Now let's examine the predictions our model generates and analyze their structure. In our upcoming neural networks deep-dive, we'll conduct a comprehensive accuracy analysis at scale. For now, we'll focus on understanding the prediction output itself and what it reveals about our model's decision-making process.

We'll create a predictions variable by calling our model.predict method on the normalized testing images. This computational step requires the model to process each test image through its trained neural network layers, which takes a moment to complete.

The execution completes in roughly one second—though in Python machine learning terms, even brief processing delays can feel substantial when working with large datasets.

Let's examine the raw output structure. When we print the first testing value using predictions at index zero, we encounter a dense array of floating-point numbers that initially appears cryptic. These values represent probability distributions across our ten possible digit classifications.

The scientific notation reveals telling patterns: 1.13 × 10⁻⁷ represents an extremely low confidence (essentially zero), while 0.99 indicates 99% confidence. The array 9.99 × 10⁻¹ shows another high-confidence prediction. This raw format, while mathematically precise, requires interpretation to become actionable.

This probability array represents the model's confidence distribution across all ten possible digits (0-9). Most values hover near zero—sometimes as low as 0.000001%—indicating the model's strong conviction that the image doesn't represent those particular digits. The index position corresponds directly to the digit value: index 0 represents the digit zero, index 1 represents one, and so forth.

By manually counting through the array positions—zero, one, two, three, four, five, six, seven—we can identify that the model exhibits 99.96% confidence that our first test image represents the digit seven. This level of certainty suggests robust feature recognition within our trained network.
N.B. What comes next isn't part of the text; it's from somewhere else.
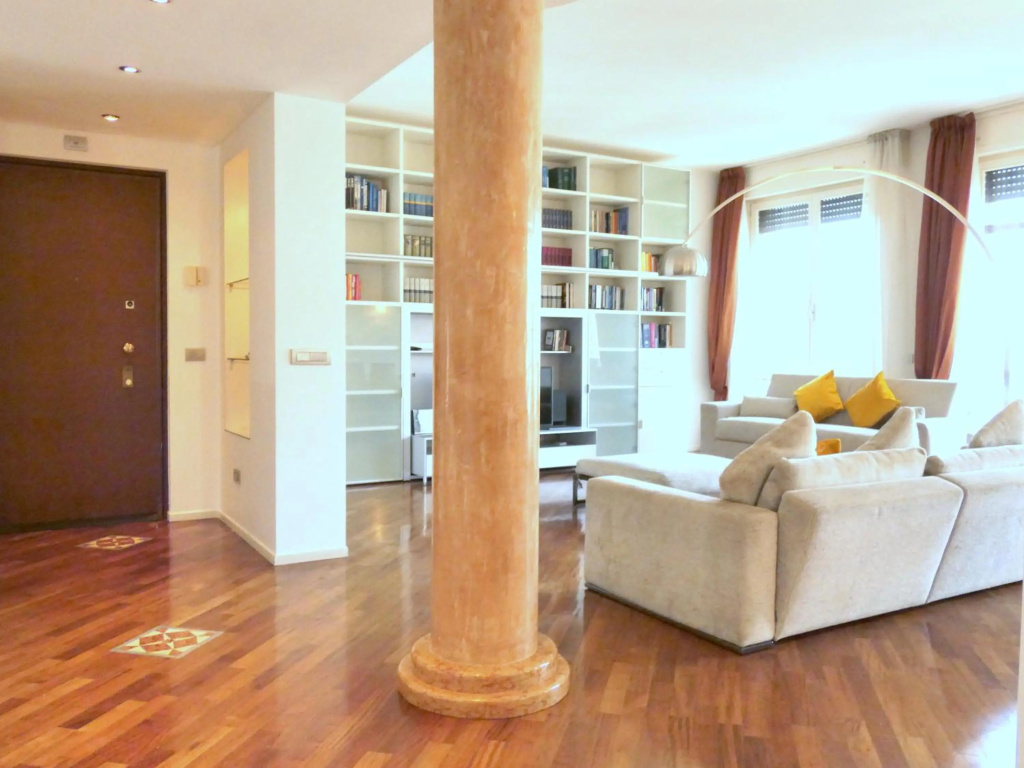 Heart Milan Apartments - Porta Romana — photo 2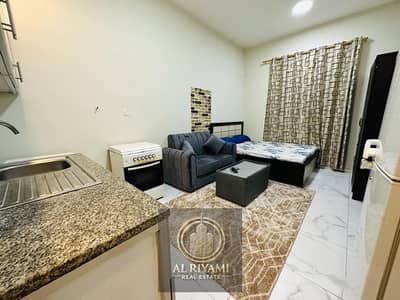 استوديو  للايجار في المويهات، عجمان - IMG-20250412-WA0175. jpg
To make these predictions more readable, we'll implement a formatting transformation using Python list comprehension. This approach converts the raw probability values into a percentage format with appropriate decimal precision, making the results more intuitive for analysis.

Our formatting function applies three transformations: converts each prediction to float type, multiplies by 100 for percentage representation, and rounds to two decimal places for clean presentation. The syntax: round(float(prediction * 100), 2) handles this conversion elegantly.

A common implementation pitfall occurs with array handling—we need to specify predictions[0] rather than the entire predictions array, since we're examining a single prediction rather than all 10,000 test results simultaneously.

The formatted output reveals a clear decision pattern: 0%, 0%, 0.04%, 0%, 0%, 0%, 99.96%. Counting through positions zero through seven, we confirm 99.96% confidence for digit seven, with only a marginal 0.04% possibility of digit three. This decisive probability distribution indicates strong model performance.

To verify our manual counting, we can leverage NumPy's argmax function, which returns the index of the highest value in an array. Using np.argmax(predictions[0]) programmatically confirms our prediction: seven. This eliminates human counting errors and provides reliable index identification.

We can validate this prediction against our ground truth labels. Checking testing_labels[0] confirms the correct answer was indeed seven, demonstrating accurate model prediction for this sample.


For broader accuracy assessment, we'll generate predicted digits for multiple samples using list comprehension. The expression converts each prediction array into its most likely digit classification: [int(np.argmax(prediction)) for prediction in predictions]. This creates a clean list of predicted digit values for comparison.

Similarly, we'll format our correct answers for direct comparison: [int(label) for label in testing_labels]. This parallel structure enables systematic accuracy evaluation across our test dataset.

Examining the first 30 predictions against their correct answers reveals perfect accuracy—every single prediction matches its corresponding label. This pattern continues through samples 30-60, maintaining flawless performance across our initial evaluation set.

Extending our analysis through samples 60-90 and 90-120 continues to show perfect accuracy. The model correctly identified all 120 examined samples, suggesting exceptionally robust performance on our handwritten digit recognition task. This level of precision indicates our neural network has successfully learned to distinguish subtle features that differentiate each digit class.

This remarkable accuracy demonstrates the power of well-trained neural networks for image classification tasks. In our next lesson, we'll move beyond manual spot-checking to implement comprehensive accuracy metrics that provide statistical confidence in our model's performance across the entire test dataset. We'll also explore new problem domains and examine fine-tuning techniques—including the critical balance between optimization and overfitting that can make or break production machine learning systems.